## Your task
Take the line containing "Elegant Floral Print" through the last line of the data and retype those lines exactly. Pictures do not belong in the copy.

------ Exercise inputs

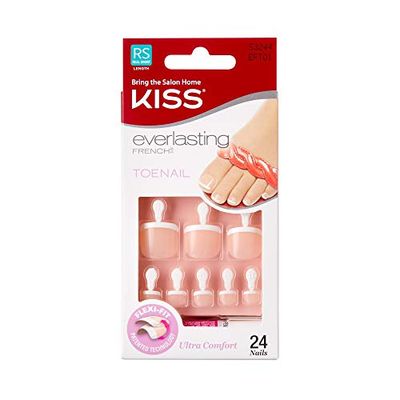 KISS Everlasting French Pedicure Kit, Chip-Free Glue-On Fake Toenails, Real Short Length, Style Limitless, Flexi-Fit Technology, Pink Gel Nail Glue, Mini File, Manicure Stick &amp; 24 False Toenails
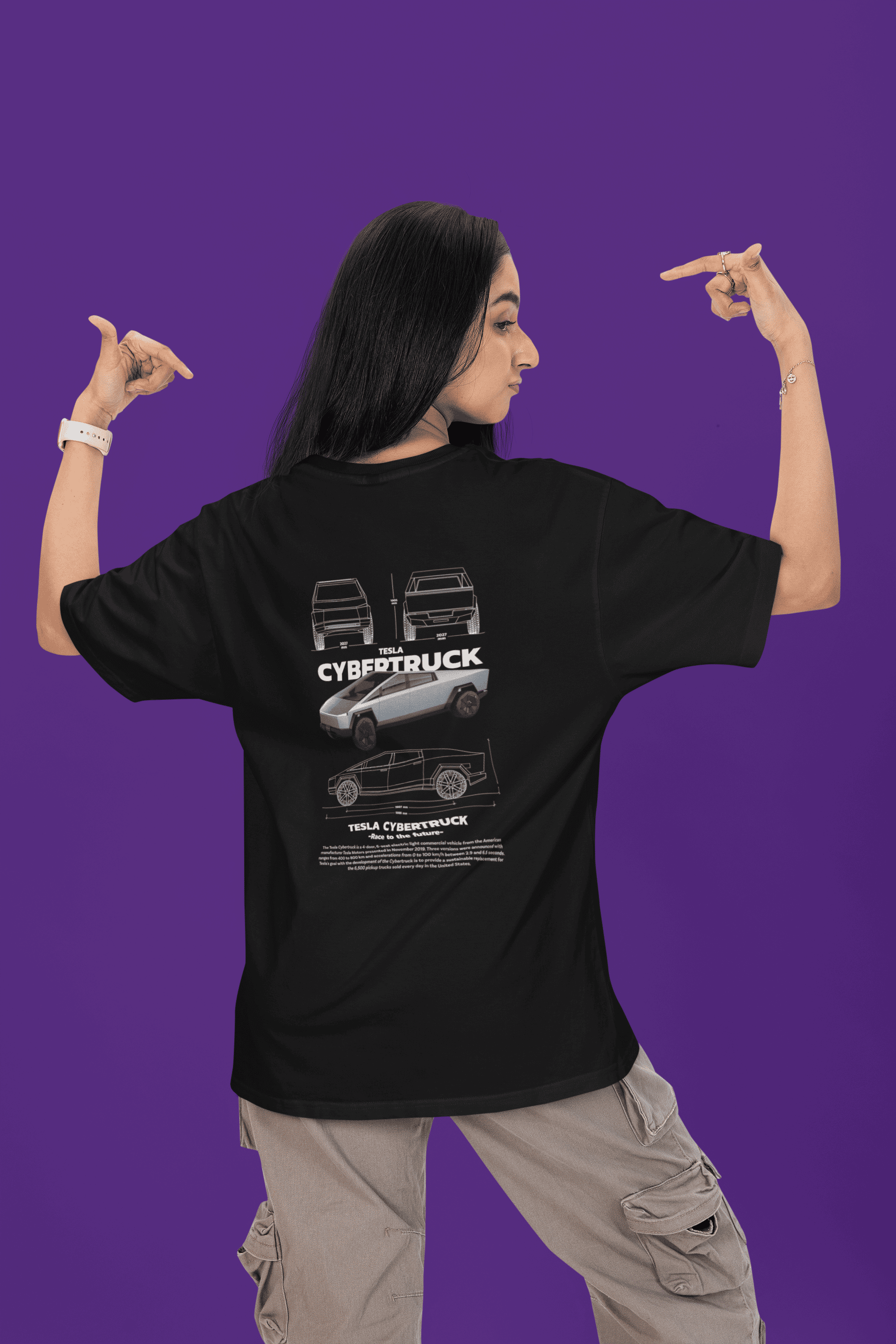 Cyber Truck Oversized T-Shirt - Green Cotton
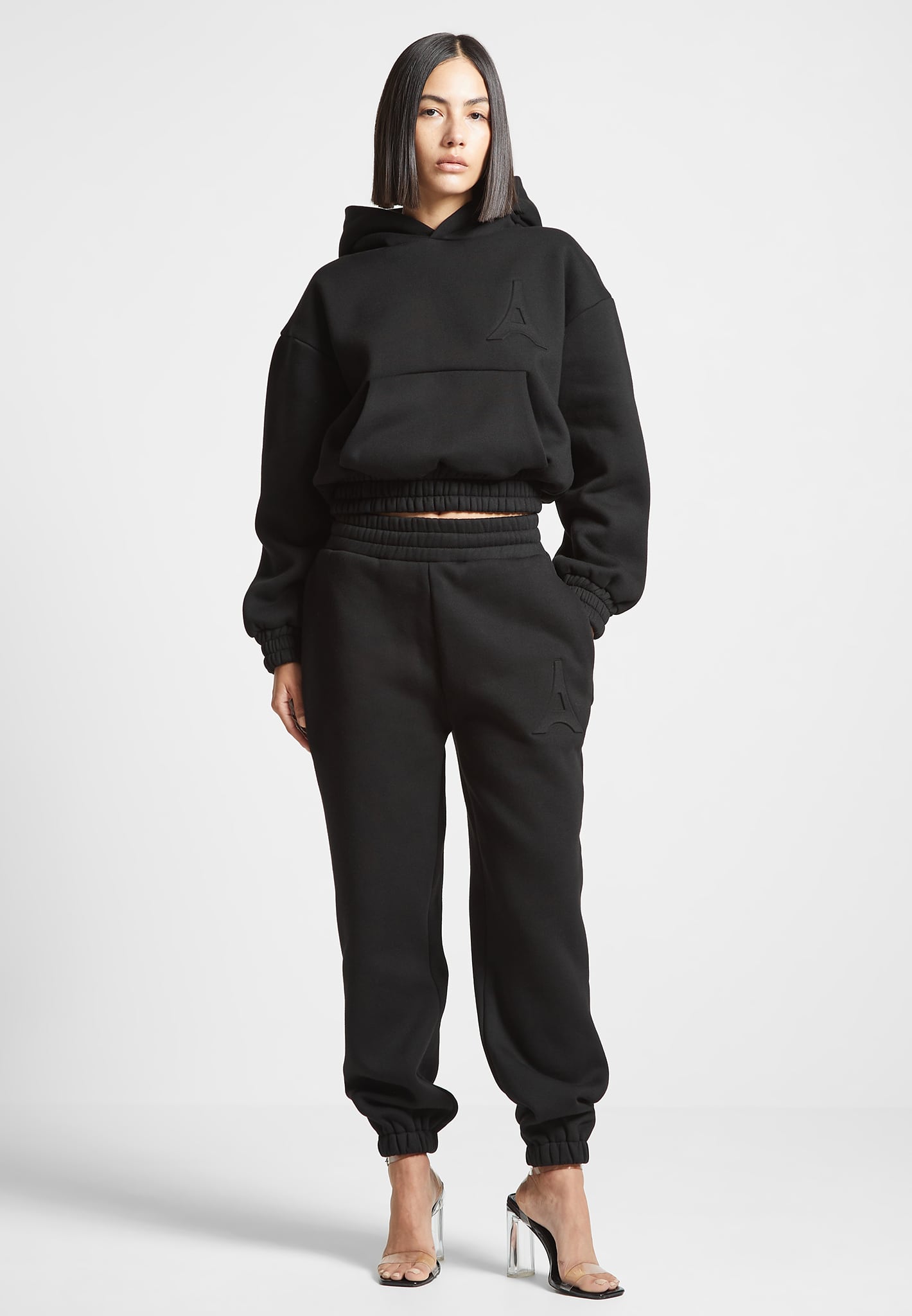 Eiffel Embossed Joggers with Elastic Waistband | Vera Black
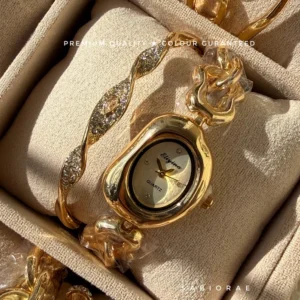 Champagne Oval Watch & Cluster Bangle Combo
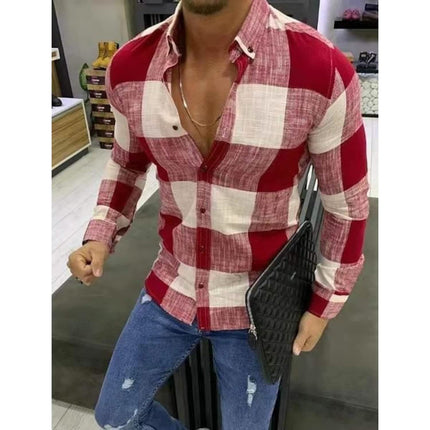 Men's Shirt Bishop Sleeve Collar Shirt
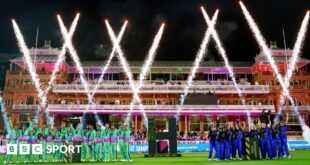 Oval Invincbles men and London Spirit women celebrate winning The Hundred at Lord's in 2024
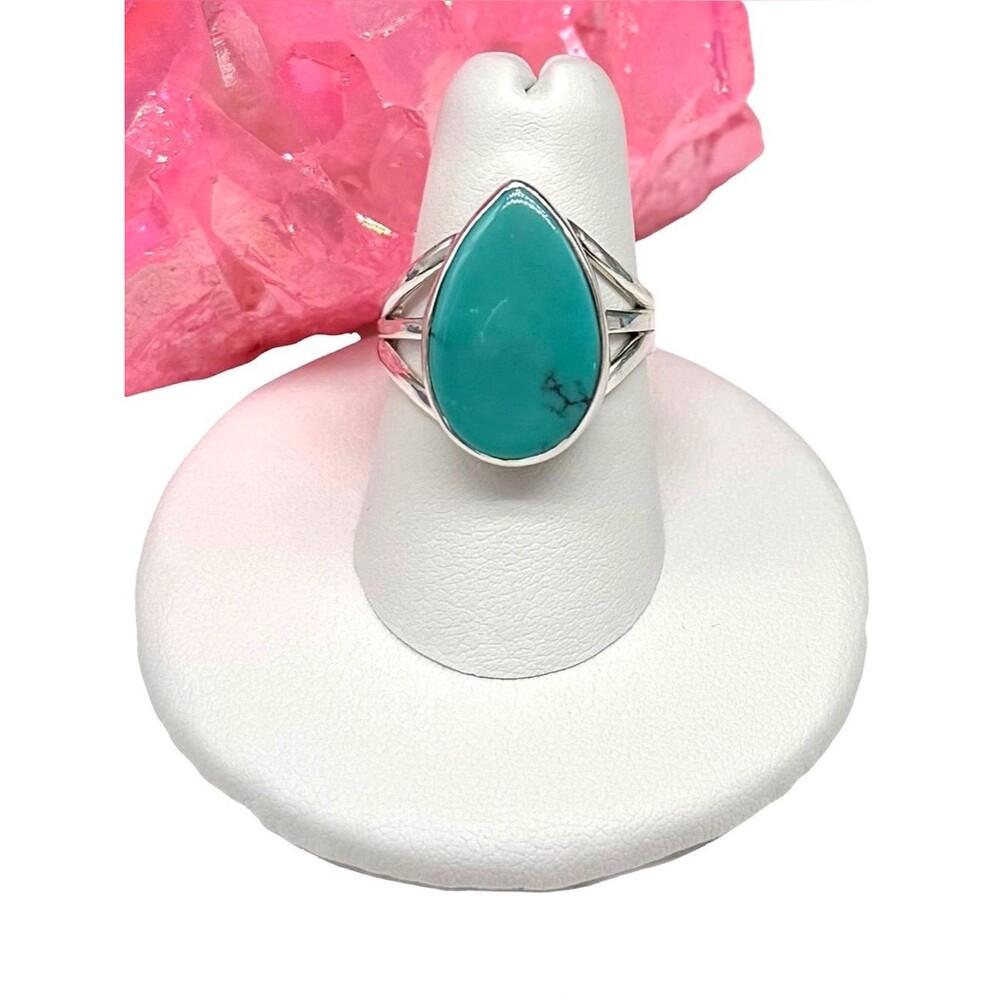 Aztec Mountain Turquoise Ring Size 7 Solid 925 Sterling Silver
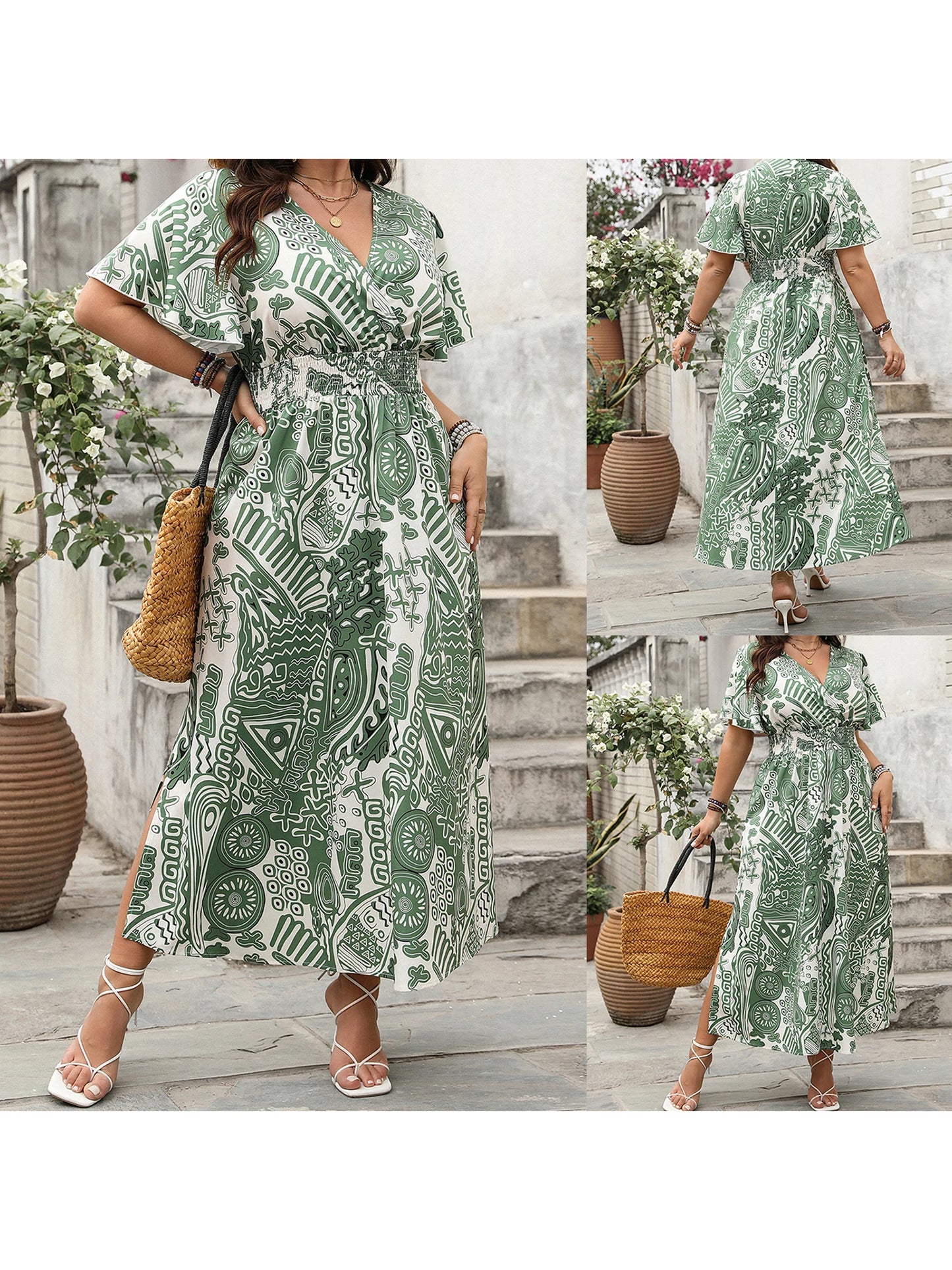 Elegant Floral Print Off-Shoulder Maxi Dress with Ruffle Hem and Tie Waist for Women s Summer Wedding Guest Outfit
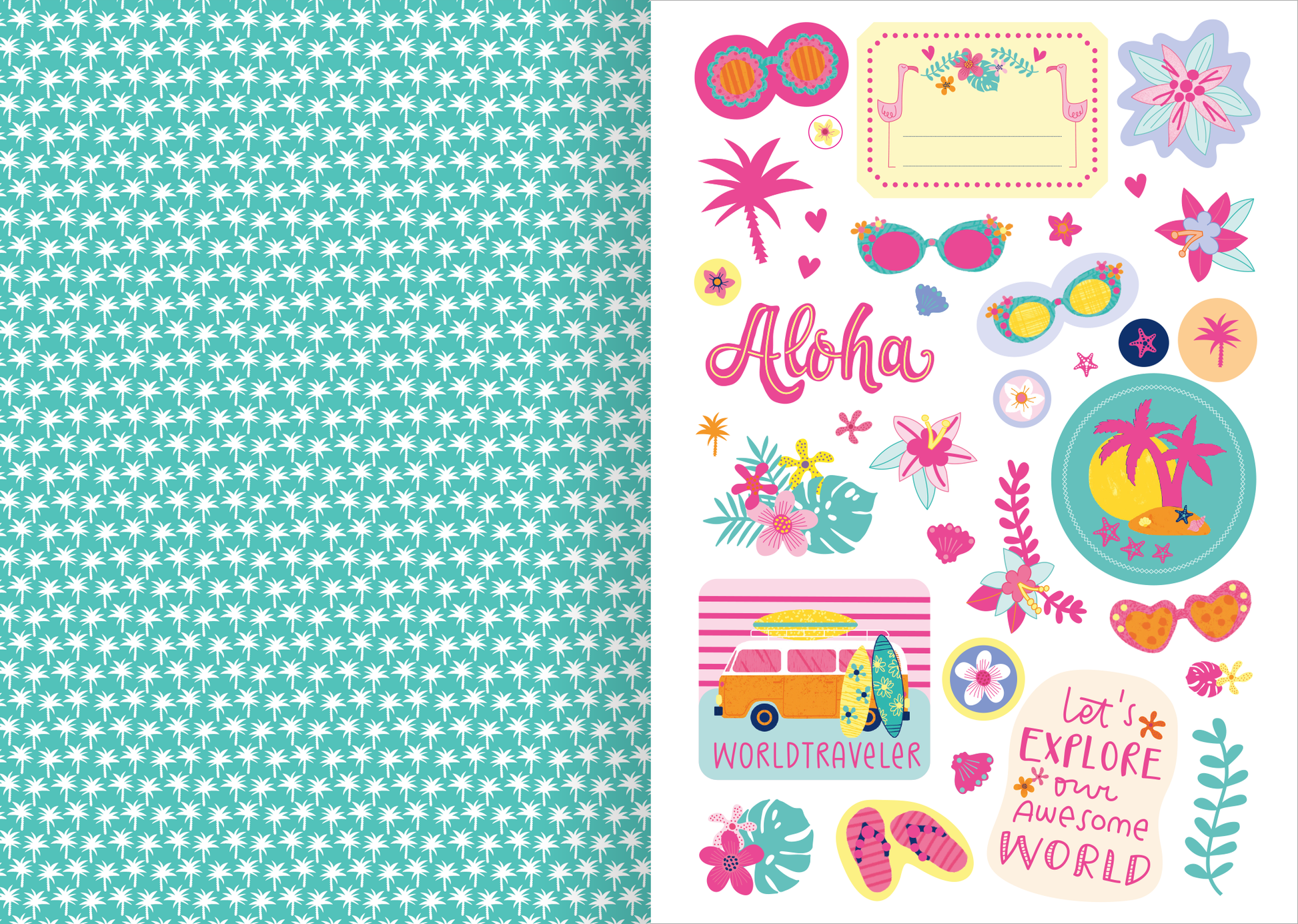 Gezeigt wird eine Innen- oder Zusatzansicht von „I Love Summer – Sticker-Liebe“. Die Ansicht zeigt bunte, sommerliche Sticker auf weißem Hintergrund. Zentrale Elemente sind verspielte Motive wie Palmen, Sonnenbrillen und bunte Flip-Flops in Pink, Gelb und Blau. Die Schriftzüge „Aloha“ und „WORLDTRAVELER“ sind in fettem, verschnörkeltem Stil gehalten. Der Hintergrund links ist in einem zartem Türkis mit kleinen weißen Sternen gestaltet, was eine fröhliche, lebendige...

------------

## Solution for this exercise
 Elegant Floral Print Off-Shoulder Maxi Dress with Ruffle Hem and Tie Waist for Women s Summer Wedding Guest Outfit
 Gezeigt wird eine Innen- oder Zusatzansicht von „I Love Summer – Sticker-Liebe“. Die Ansicht zeigt bunte, sommerliche Sticker auf weißem Hintergrund. Zentrale Elemente sind verspielte Motive wie Palmen, Sonnenbrillen und bunte Flip-Flops in Pink, Gelb und Blau. Die Schriftzüge „Aloha“ und „WORLDTRAVELER“ sind in fettem, verschnörkeltem Stil gehalten. Der Hintergrund links ist in einem zartem Türkis mit kleinen weißen Sternen gestaltet, was eine fröhliche, lebendige...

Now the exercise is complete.